Provided data »
------------------------------------------------------------------------

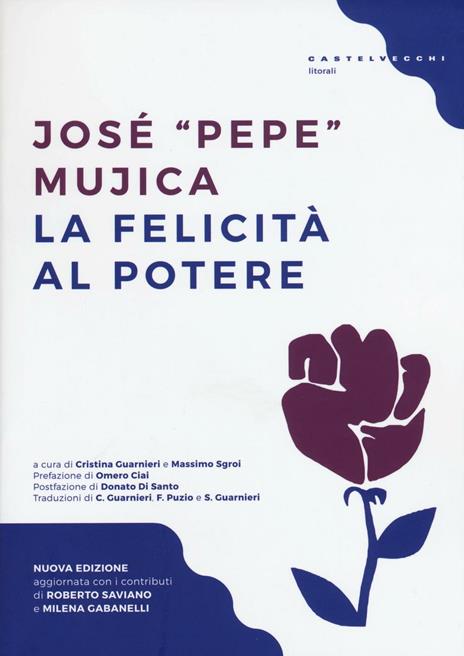 La felicità al potere - José «Pepe» Mujica - 4
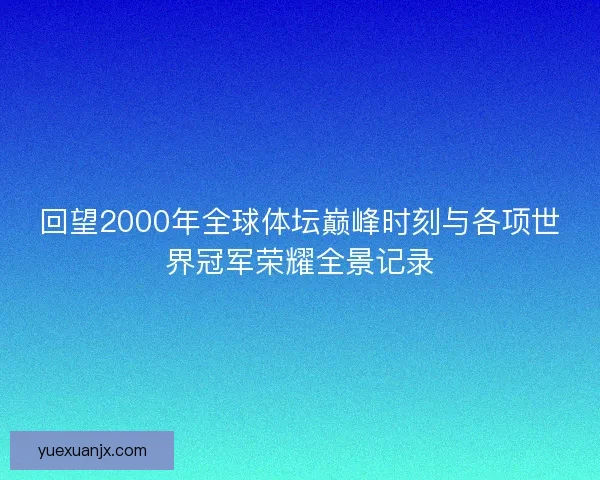 回望2000年全球体坛巅峰时刻与各项世界冠军荣耀全景记录 回望2000年全球体坛巅峰时刻与各项世界冠军荣耀全景记录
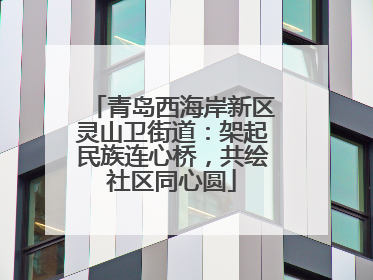 青岛西海岸新区灵山卫街道：架起民族连心桥，共绘社区同心圆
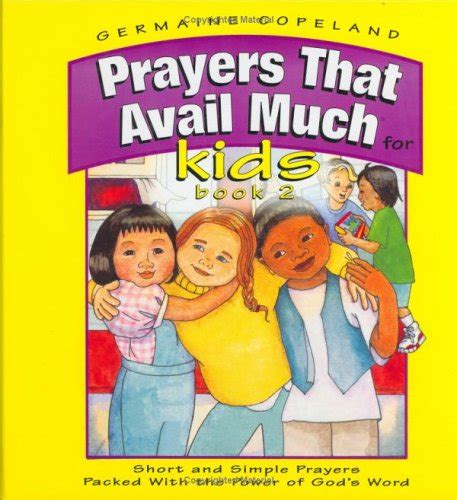 Prayers That Avail Much For Kids Short And Simple Prayers Packed With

------------------------------------------------------------------------

Required work » Copy every line of the data word for word, omitting the images.

Response to the exercise »
 La felicità al potere - José «Pepe» Mujica - 4
 回望2000年全球体坛巅峰时刻与各项世界冠军荣耀全景记录 回望2000年全球体坛巅峰时刻与各项世界冠军荣耀全景记录
 青岛西海岸新区灵山卫街道：架起民族连心桥，共绘社区同心圆
 Prayers That Avail Much For Kids Short And Simple Prayers Packed With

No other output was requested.